Possible memory leak during motion correction

vjlbym commented 8 years ago

Hi guys,

I have been using a code similar to below for motion correction.

sequences = [sima.Sequence.create('HDF5', 'filename.hdf5', 'tyx')]
sima.ImagingDataset(sequences, 'filename.sima')
mc_approach = sima.motion.HiddenMarkov2D(granularity='row',
                                         verbose=True,
                                         max_displacement=[50, 100])
init_data = sima.ImagingDataset.load('filename.sima')
dataset = mc_approach.correct(init_data, 'filename_mc.sima')

I've also done the same thing by directly calling the sequences variable in motion correction, rather than the imaging dataset. From the source code, it looked like sequences is an iterator over each frame. So I thought the entire dataset needn't be loaded into memory all at once.

This is a problem as I've been running pretty large files on EC2 (~15-20GB) and the RAM is limiting the number of files I can run in parallel on a single instance. I haven't tried running these on my local machine on which I wouldn't even be able to load them into memory.

Is there something simple that I am overlooking in the code?

Thanks! Vijay

jzaremba commented 8 years ago

Hmm, motion correcting should not hold the entire file in memory. I'll look into a couple of things here, what version of sima and h5py are you using?

vjlbym commented 8 years ago

Thanks Jeff, I'm running 1.3.0 for SIMA and 2.6.0 for h5py. Whenever I run files totaling more than 55GB or so on an EC2 instance of 60GB RAM, I get Out of Memory errors. Running top shows that individual python processes per file end up using roughly the size of the file in memory. The only other command at the end of the above set that I run is export_averages once the motion correction is done. But it's in the midst of the above mc_approach.correct that I seem to be getting Out of Memory errors from Python.

vjlbym commented 8 years ago

I am trying to debug this in a session I am running right now. Based on top output, the memory use seems to ramp up quickly around the time I see "Estimating displacements for cycle 0" from the verbose output of motion correction. It's still not at the size of the file. So I am now pretty sure the file is not fully getting loaded prior to motion correction and the title of this issue is incorrect. But the memory usage seems to ramping up by the minute in my current session (e.g. for a 7.8 gb file, 4GB of resident memory is being used according to top and for another 4GB file, 2GB of resident memory is already in use).

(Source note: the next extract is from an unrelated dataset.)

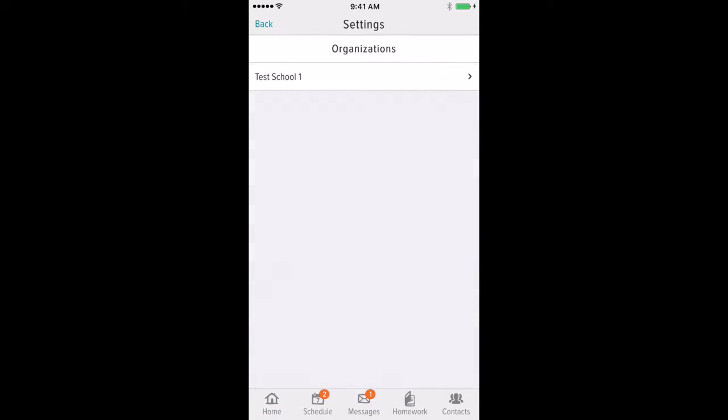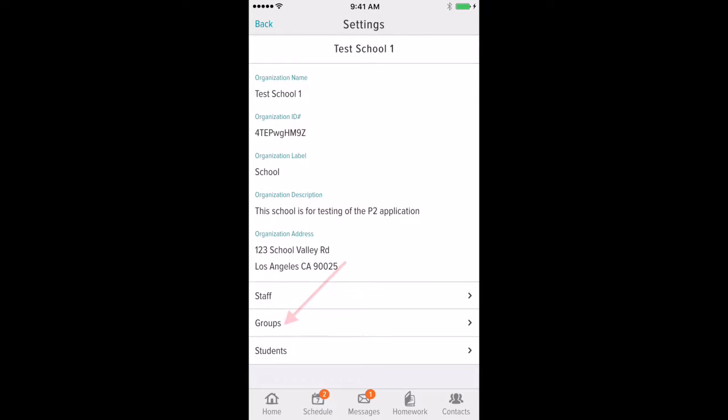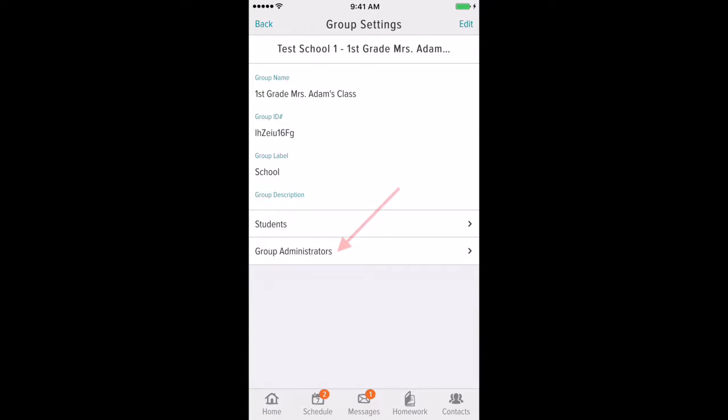Then go to organizations, then select the desired organization, then select groups, and then select the desired group. Then click group administrators.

From looking at prior sessions close to the end of motion correction, I have seen approximately the size of the file in memory, which is why I assumed they were getting loaded into memory. I have 32 cores in the instance I am running and have 60GB. So I can technically run 32 parallel processes with no loss of performance but currently, the max number I can reliably run is limited by the size of the files. So with ~8-10GB HDF5 files, I can run 5 without any problems but with 6, I sometimes get out of memory errors before motion correction is completed.

So overall, now I am actually worried there might be a memory leak going on considering the slow ramp up in memory usage.

Thanks again for your help!

vjlbym commented 8 years ago

One final update. The program I ran is close to completion. I ran two parallel processes as mentioned above. One of them is already done executing and used the size of the file in RAM right before completion. The second python process motion correcting the ~8GB file is still running and is now occupying 8 GB of RAM. This has all the signs of a memory leak: constant build up over time and sudden clearing once the process exits. I tried reading the motion correction source code but it seems to be fairly large for me to devote sufficient time. So any help in debugging this would be tremendously helpful.

Are the local computers you guys use for motion correcting large files fitted with huge amounts of RAM? If not, this would be pretty obvious. So I am wondering if I am doing something incorrectly to cause this leak. I doubt it but am surprised this isn't a more common problem.

pkaifosh commented 8 years ago

HDF5 files can be chunked in different ways, which can affect how much data you must load at a single time (https://www.hdfgroup.org/HDF5/doc/Advanced/Chunking/). How are you HDF5 files chunked?

vjlbym commented 8 years ago

Thanks @pkaifosh I am chunking them into frames. So one chunk is one frame. I only have one plane and channel. So, for 10000 frames, I have 10000 chunks. Is this the problem? If so, how do you think I can improve it? I thought the only cost to having small chunks like this is reduced performance in I/O, rather than memory.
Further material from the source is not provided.